If I am rich, I will spend more.<p>IBM 486 (OOAD & UML) & 141 (XML) passed<br />Oracle 1Z0-007 passed<br />MCSD MCDBA MCSE <br />SCJP SCSSA<br />CCNA CNA A+
Sunny, I'm pretty busy this week but I'll try to make something difficult to decompile soon (I've never tried this before, but think security through obscurity is better than it gets credit for). Do you use Windows? That's the only platform I can compile C for.
Yes I'm using windows.My current application basically works in windows.I have experienced this in my education center,where my friends use to decompile my class files & alter it so that it loses it's perfection then compile it back to class files.When I run it the next time I get messed up.Moreover when I'm distributing an application I shouldn't allow the user to decompile my class file & alter it,for I lose control over the application designed & the goal totally fails.So please tell me of a simpler way to perform this. Happy middling with java. Netharam.

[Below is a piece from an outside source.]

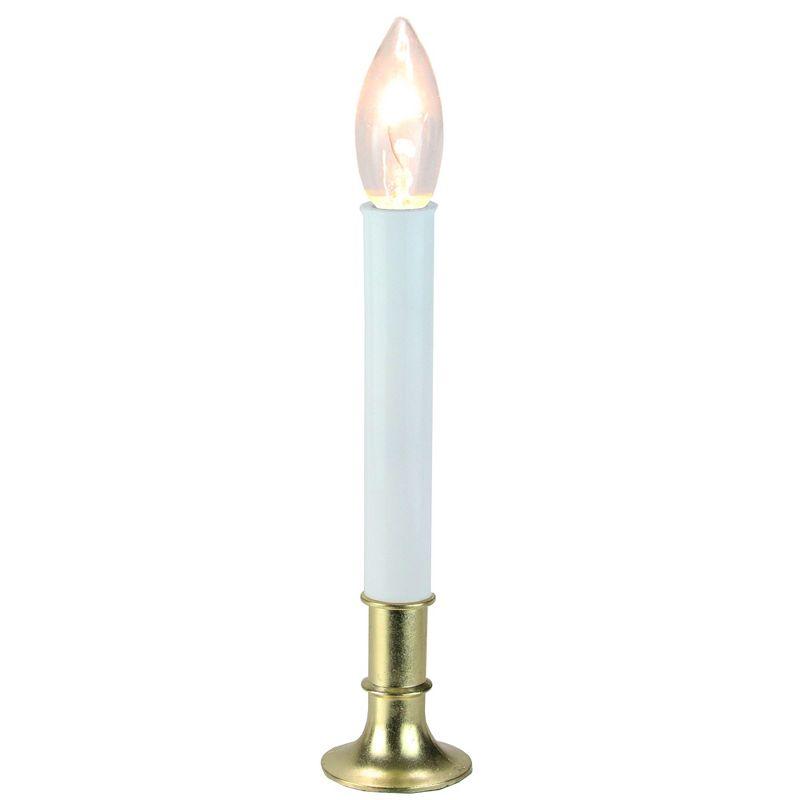 Winter Sparkle 12" White Christmas Candle Lamp with Automatic Sensor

The fact is that anything that can be loaded by the ClassLoader is going to be able to be decompiled. And the more you try to obscure your class file, the slower it will be when running. If it is really that important then compile it into a .exe.
My idea is basically to put an unadultered JAR file inside an .exe that reads, decrypts (nothing fancy here -- something like RC4 on the whole jar), and runs the it. The .exe would have further quirks to discourage interpretation (no strings in plaintext, store the crypto key in an obscure place, etc.). The key would not be someplace were it could be found by tracking disk access of course (it might be the hash code of something else). This would all be done with the expectation that the user will never figure out where the code is, nor how to inject something of his own. If by some chance he does, he'll be so discouraged to see obfuscated bytecode that he'll promptly commit ritual suicide. The end result is fast execution (but slow startup), strong security (not in the mathmatical sense, but in the sense that you would have to be very skilled, very bored, and very unemployed to find the time to crack it), and as a bonus you have the opportunity to assign a cute little icon to the executable file.
If you are *really* worried about someone decompiling your class files, you could just compile your java source to the native OS .exe. I think VisualCafe Enterprize does it, but there are also some free tools that do .class->.exe compilation. You lose the portability, of course. Eugene Kononov.